Many other companies are also sitting on the fence. Serco has just completed work on a contract to manage airport services in Baghdad and Basra. A spokesman for the British group says: "We will monitor the security situation before bidding [for any more contracts]." Mowlem, which, in partnership with America's Kellogg Brown & Root, missed out on winning three water deals earlier this year, is also keeping tabs on security. A spokeswoman says that a full risk assessment will be carried out before bidding for new contracts.
For those companies waiting to see if the security situation stabilises, the outlook, in the short term at least, does not look good. Mr Day from DI&S says: "The US is poised to take action in the south, and there are concerns over the repercussions from that. There is talk of the trouble getting worse at the end of April as people try to destabilise the country before the next month's handover."
For companies that have taken the plunge, insurance is becoming more expensive, making Iraq an even less attractive prospect. Brokers in London say that in the past 10 days, premiums have doubled. Anne Williams, a director at insurance broker Heath Lambert, quotes a premium of 6 per cent to insure higher-risk professions such as journalists or security guards. With the cover paying out up to $250,000 in case of death or injury (for more senior staff, the maximum can rise to $500,000), such a policy would cost $15,000. This makes it 12 times more expensive than, for example, the average policy in Afghanistan (where premiums are typically 0.5 per cent) or 24 times more expensive than in Saudi Arabia (0.25 per cent). But despite the higher prices, demand is still there. "There is a lot of business to chase," says Ms Williams.
Companies have asked the British Government for help with the insurance. But the request has been refused. Mr Wilson says: "The companies have to deal with their own insurers."
A spokesman for UKTI adds: "If the companies want to work in Iraq then that is something that they have to sort out. Insurance is an issue for them; there is nothing we can do about it."
Mr Adams from the BCCB is pressing USAID and the World Bank to separate the cost of security and insurance from the bidding price. "We don't want companies trying to undercut each other on something as important as security.
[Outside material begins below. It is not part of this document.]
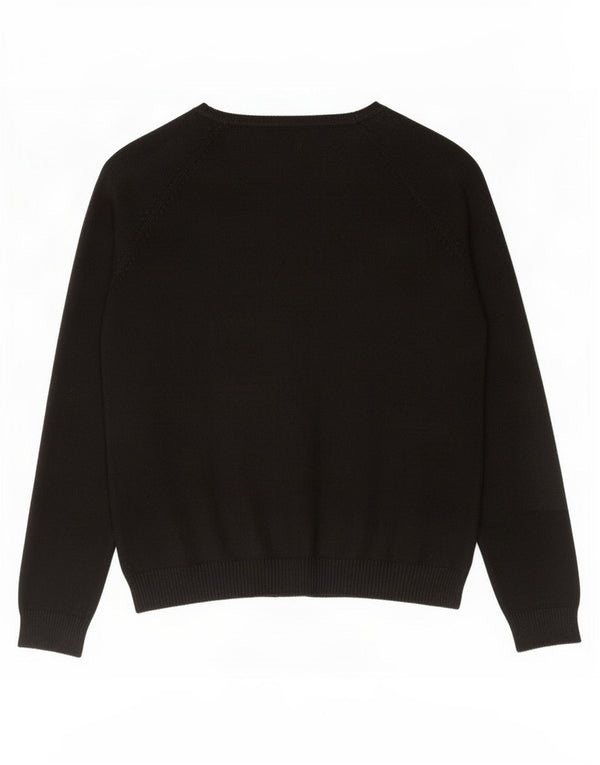 Maglione cardigan da donna Zara UK 18 XL cotone nero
The cost should be separate and reimbursed by the customer."
Since the end of the war, Iraq has constantly been dangerous. Despite the recent escalation of violence and apparent targeting of civilian contractors, companies already in the country with contracts to complete are toughing it out for the moment. But the reconstruction effort cannot go beyond the initial stage - dredging ports, repairing the electricity grid - while contractors are being kidnapped and murdered. The oil industry and the banks will not go in under these circumstances. Meanwhile, the 30 June handover of power will create more uncertainty. Mr Day says: "Companies who were on the verge of going into Iraq will now want to see what repercussions there are from the handover; I can't see them moving before the autumn."
With US presidential elections in November, the reconstruction of Iraq is not going to President Bush's schedule.